Early Medieval Europe, Vol.12: 3 (2003)

Introduction: Catalonia is an area of medieval Europe that lacks narrative source material before about the twelfth century. Before then the outline of its history must be gleaned from references to the area from the Frankish or Umayyad courts (in the latter case at considerable removes)1 and by painstaking research through the area’s thousands of surviving charters. This weight of documentation can however be made to tell a story, for though more or less formulaic in their redaction many of the charters contain small narratives of their own giving what context was felt to be useful for the transaction they describe. Like any other narrative source, however, their presentation has its own agenda, and their transmission often raises the question of editorial intervention.

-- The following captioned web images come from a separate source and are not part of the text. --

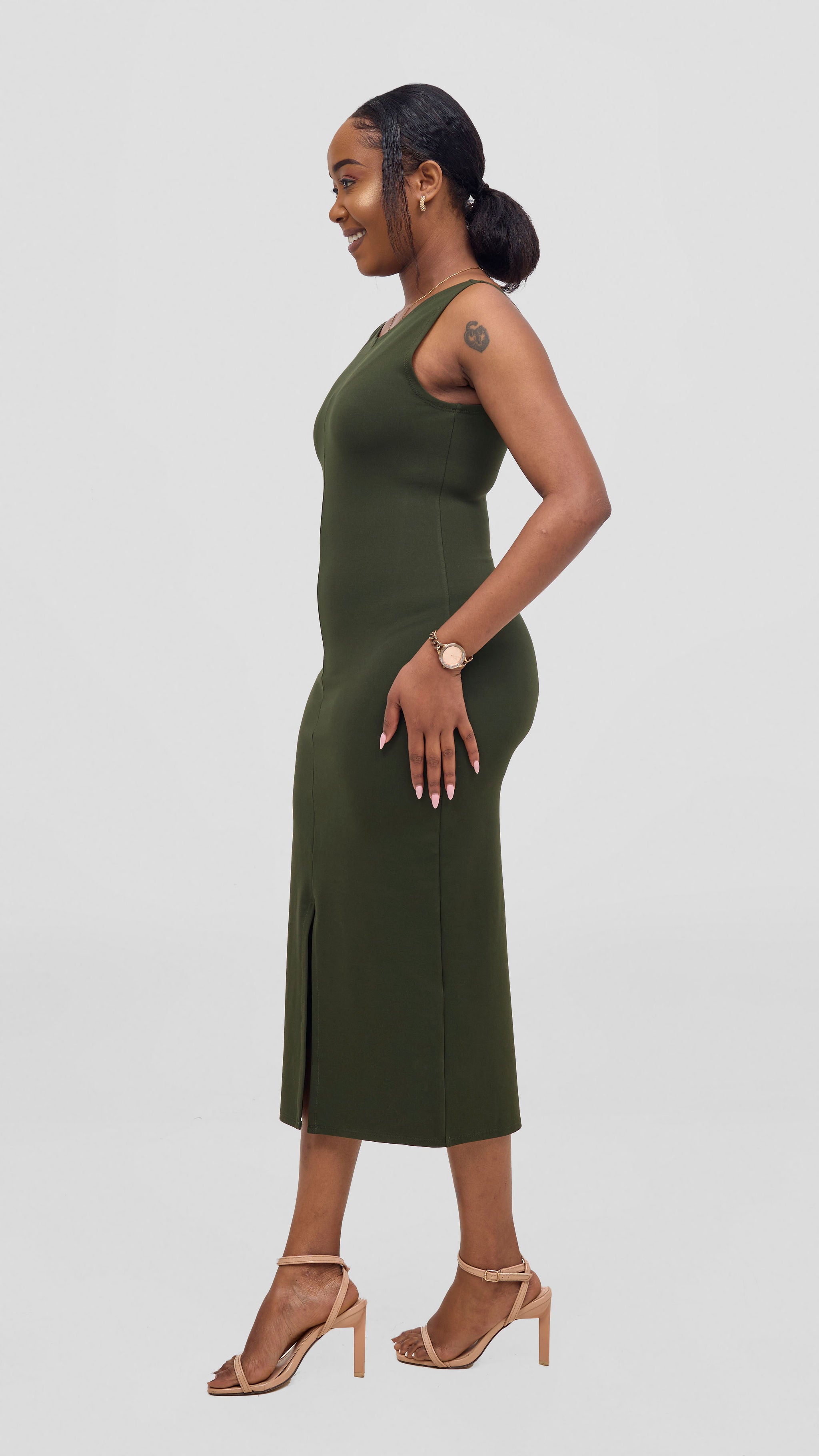 Vivo Aleri Front Slit Sheath Dress - Hunters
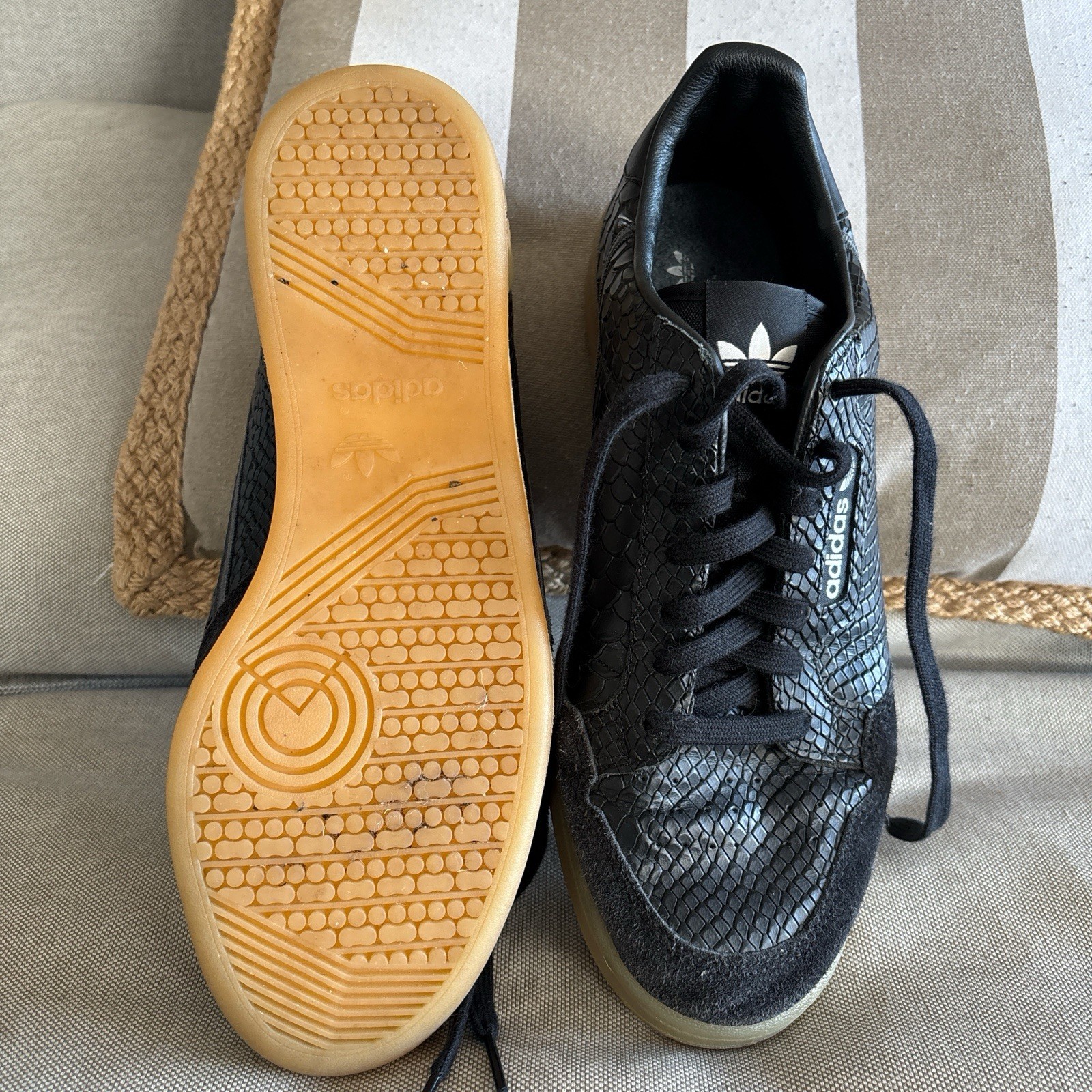 ORIGINAL Adidas Continental 80 Black Python Men's… - image 4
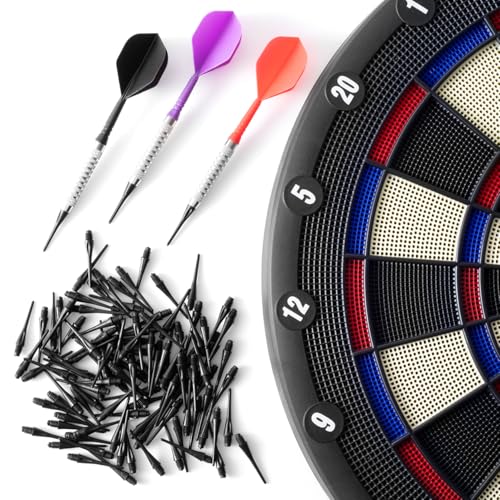2BA Thread Plastic Tip Dart Points, Darts Plastic Tip, Soft Tip Darts - color: Black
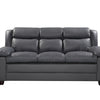 22 - 1088 - BL Leather 3 Seat Sofa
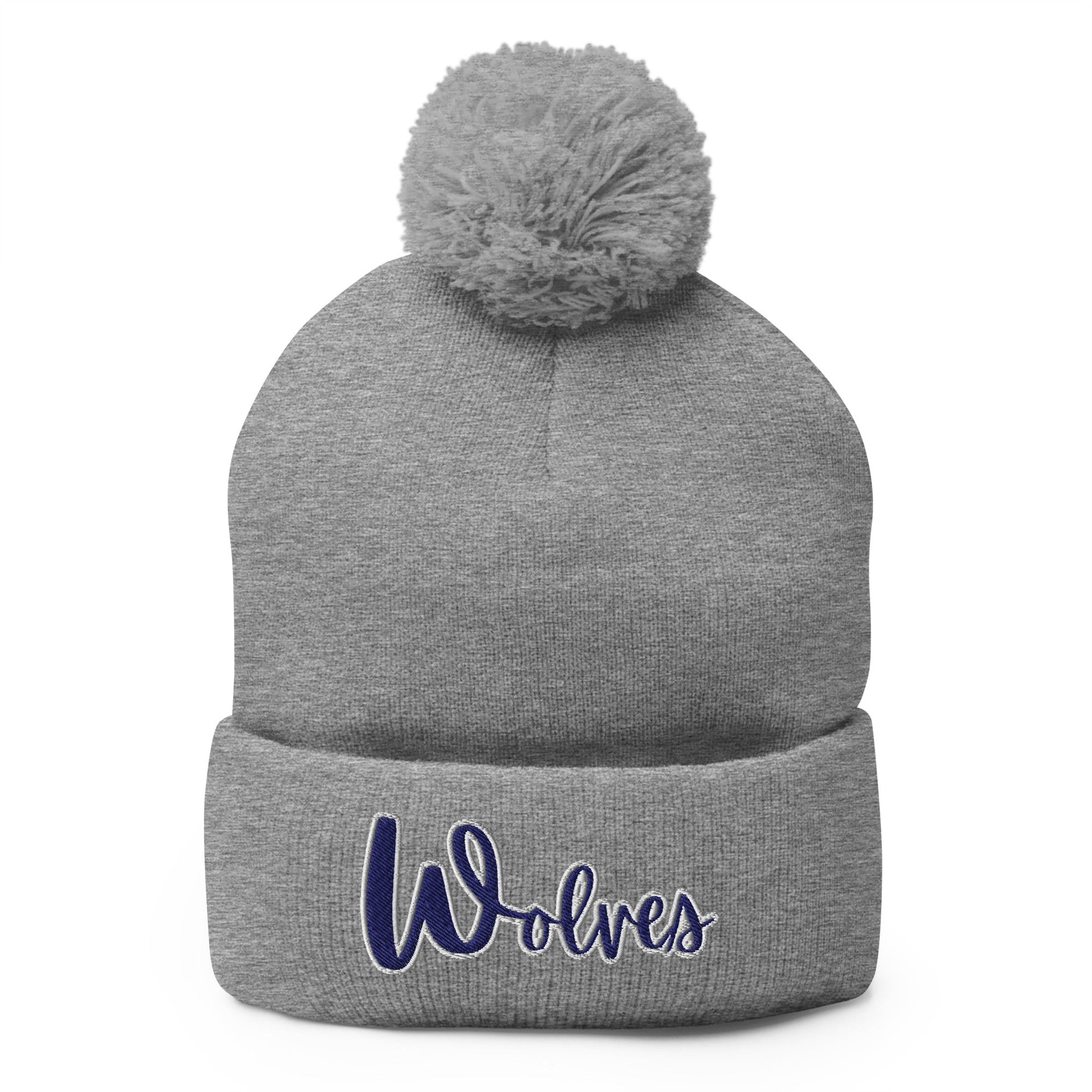 Pom - Pom Beanie | White Mountain School | Script Logo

The historiography of Catalonia has its own more modern agendas. Direct royal involvement in the area ended with Louis the Pious’s 809 campaign against Tortosa, and the last Frankish royal presence on the March was Lothar and Pippin’s tardy and inconclusive show of force against the Muslims in 828. The history of the area thereafter has been seen as an evolution towards independence, aided substantially by the rise of a single family to power in almost all the area’s counties in 878, indigenous magnates being favoured after the rebellions of four different Frankish marquises. Most work on the area in this period has had to address itself to these issues, which has obvious importance to nationalist thinking in Catalonia, where nationality was officially suppressed for much of the last century. To a foreign scholar it sometimes appears, however, that the exact definition of the situation of the Counts of the March is more important to scholars than it was to contemporaries. Clearly they paid at least lip-service, at most times, to a Frankish royal overlordship. Equally clearly this lordship affected them little after the reign of Louis the Stammerer and then, largely, only when it was called upon to do so. What had been royal responsibilities, albeit administered by the Counts, became comital ones in reality, but these were often explicitly claimed to be the Counts’ by royal grant (though this is not demonstrably the case) and the Counts, in keeping with this stance, never claimed royal status.